Fighting Aedes Mosquito: Import insecticide immediately
A new insecticide to kill mosquitos is expected to arrive in the country in a few days and, after necessary lab tests, it will be imported within the next couple of weeks, lawyers of the two Dhaka city corporations told the High Court yesterday.
Dhaka North City Corporation counsel Toufiq Inam and Dhaka South City Corporation counsel Sayed Ahmed Raja gave the assurance during a suo moto hearing on the dengue situation in the country that has taken an alarming turn.
During the proceedings, the HC ordered the government to “expeditiously” import effective insecticides through the two city corporations since the existing insecticides are proving ineffective against Aedes mosquito, the carrier of dengue fever.
The court also directed the ministries of health and local government as well as the director general of the Directorate of Health Services to provide all necessary assistance to the two city corporations to facilitate the import.
The HC asked the authorities to ensure treatment for dengue patients at all government hospitals in Dhaka round the clock under special arrangements.
It also directed the government to take steps so that a doctor, not below the rank of associate professor, monitors the treatment arrangements for 24 hours.
Private hospitals can do the same on humanitarian ground, said the HC bench of Justice Tariq Ul Hakim and Justice Md Shohrowardi.
The court will hold a further hearing on the matter on August 18 when it reopens after Eid vacation.
Earlier in the day, the HC summoned LGRD Secretary Helal Uddin Ahmed to appear before it and clarify as to who is responsible for importing mosquito insecticide.
Counsels for both the city corporations say the responsibility lies with the government.
But Helal told the court that the city corporation authorities were tasked with the job and that the government had already allocated funds and provided manpower for importing the insecticide from China.
The court said the existing insecticide was not working and that import of effective insecticide was being delayed due to bureaucratic tangle.
The secretary said the government cannot import the insecticide as it issued licence to a company to do the job.
The court wondered why the government, being the licensing authority, cannot go for the import itself.
Helal later told the court the insecticide would be imported from a Chinese private firm, and the government cannot import directly from private entities.
The two city corporation lawyers said once the sample insecticides arrived, they will run a lab test. And if the test finds nothing harmful, they will import the insecticide in 14 working days.
‘TRYING OUR BEST’
Amid concerns over a further spread of the disease, DSCC Mayor Sayeed Khokon said they were trying their best to control the outbreak by the first week of next month.
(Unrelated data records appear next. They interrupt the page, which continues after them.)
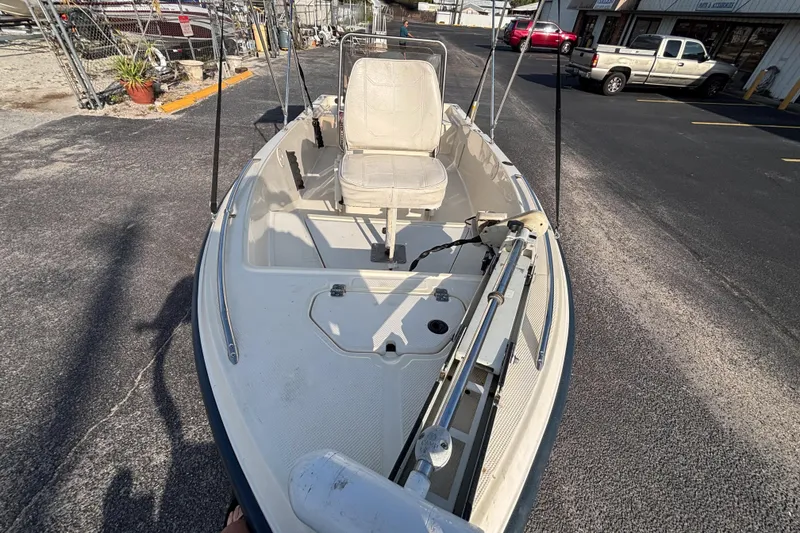 Slide: The Image of 2000 Key West 1720 Center Console boat parked on asphalt, featuring a single seat and steering console. - 9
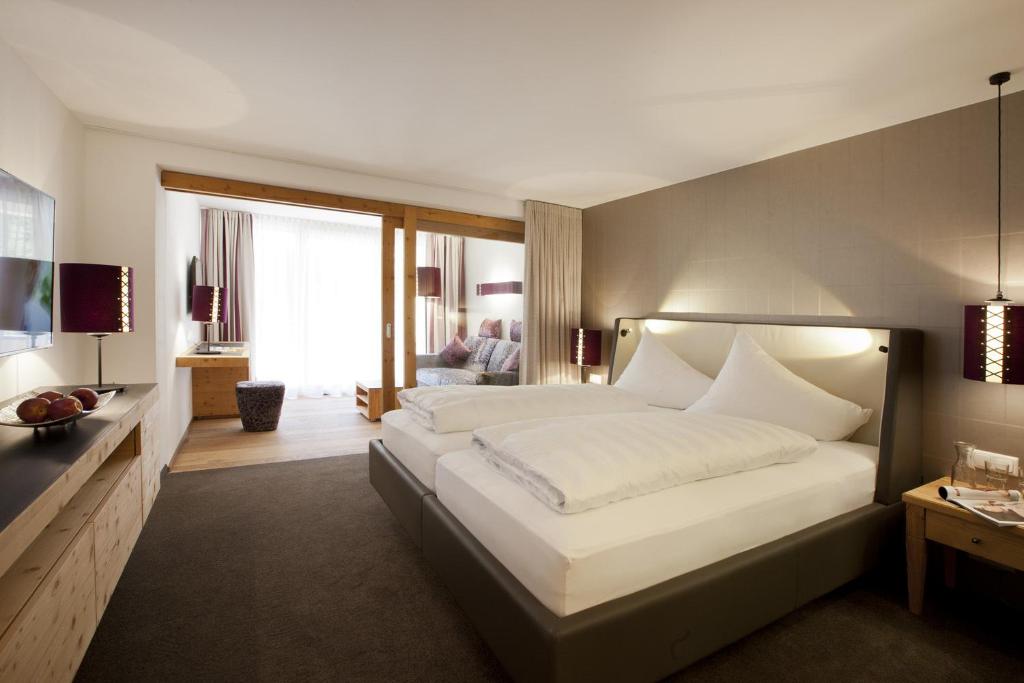 ein Schlafzimmer mit einem großen weißen Bett und ein Wohnzimmer in der Unterkunft Hotel Walliserstube in Damüls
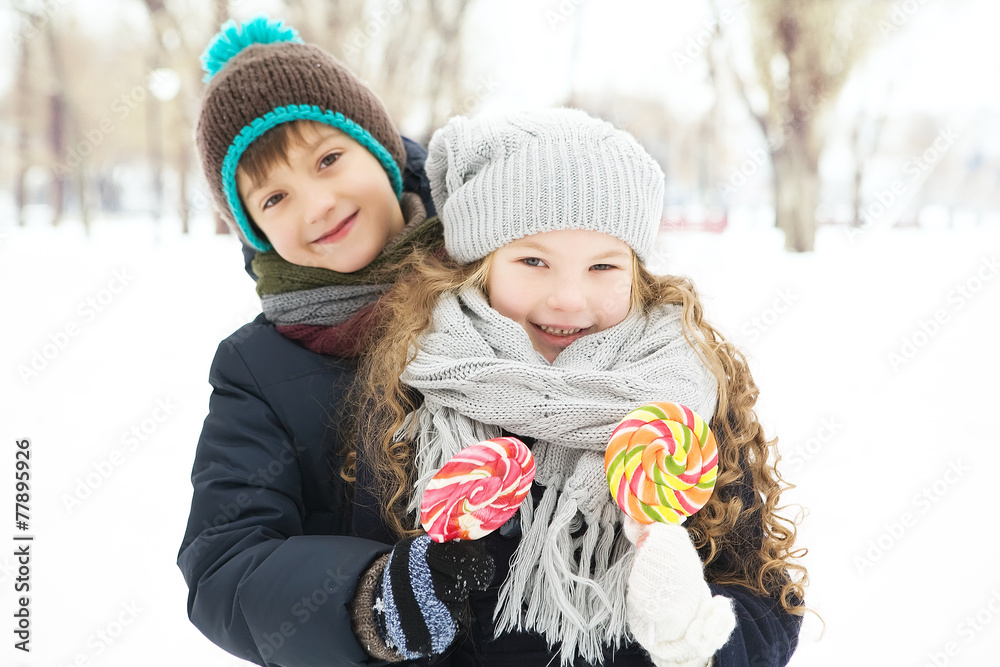 children playing with candy and enjoy the frosty winter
“Efforts are on to prevent the mosquito-borne disease and we are trying our best,” the mayor told journalists at the health ministry yesterday.
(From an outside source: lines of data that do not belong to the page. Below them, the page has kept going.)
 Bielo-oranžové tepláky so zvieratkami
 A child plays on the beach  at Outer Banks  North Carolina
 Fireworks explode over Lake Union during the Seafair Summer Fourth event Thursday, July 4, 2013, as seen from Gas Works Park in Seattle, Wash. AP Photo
Citing a DGHS survey, he said, 10 wards of the DSCC were now free from dengue. The wards are 14, 15, 18, 22, 23, 29, 35, 42, 55 and 56.
“If Aedes mosquitos are found there again, we will take necessary steps,” he said.
Contacted, Prof Dr ABM Abdullah said it was difficult to announce a particular area dengue-free.
“You can drive out mosquitos from a certain area, but there is no guarantee that they will not return to that place the next day,” said Prof Abdullah, former dean and head of medicine at the Bangabandhu Sheikh Mujib Medical University.
Khokon’s counterpart in the north Atiqul Islam said destroying the source of Aedes mosquito required a lot of work throughout the year.
He said they have invited Kolkata deputy mayor and acting panel mayor of the health department Atin Ghosh to help Bangladesh tackle the outbreak.
Ghosh is expected to arrive on Sunday, he said.
Over the last few years, Kolkata City Corporation has been working round the year to control Aedes mosquito population.
About importing mosquito repellent, he said they would do so in a “very short time”, but did not give any date.
Health Minister Zahid Maleque, who is under fire for going to Malaysia on a family trip amid the dengue outbreak, yesterday avoided questions from journalists.
He also cancelled his planned press conference to brief journalists on the latest situation.
Facing criticism over his failure to control the outbreak, he cut his trip short and returned home yesterday.
He kept mum when journalists asked him about his trip when he went to inaugurate the 100-bed dengue unit at the Mitford Hospital in the capital.
Later the minister attended a programme at the ministry with the two mayors, experts and high government officials.
There too he avoided all questions about his family trip during a national crisis.
Health Secretary Asadul Islam said the minister would hold a press conference in a day or two and reply to all questions form journalists.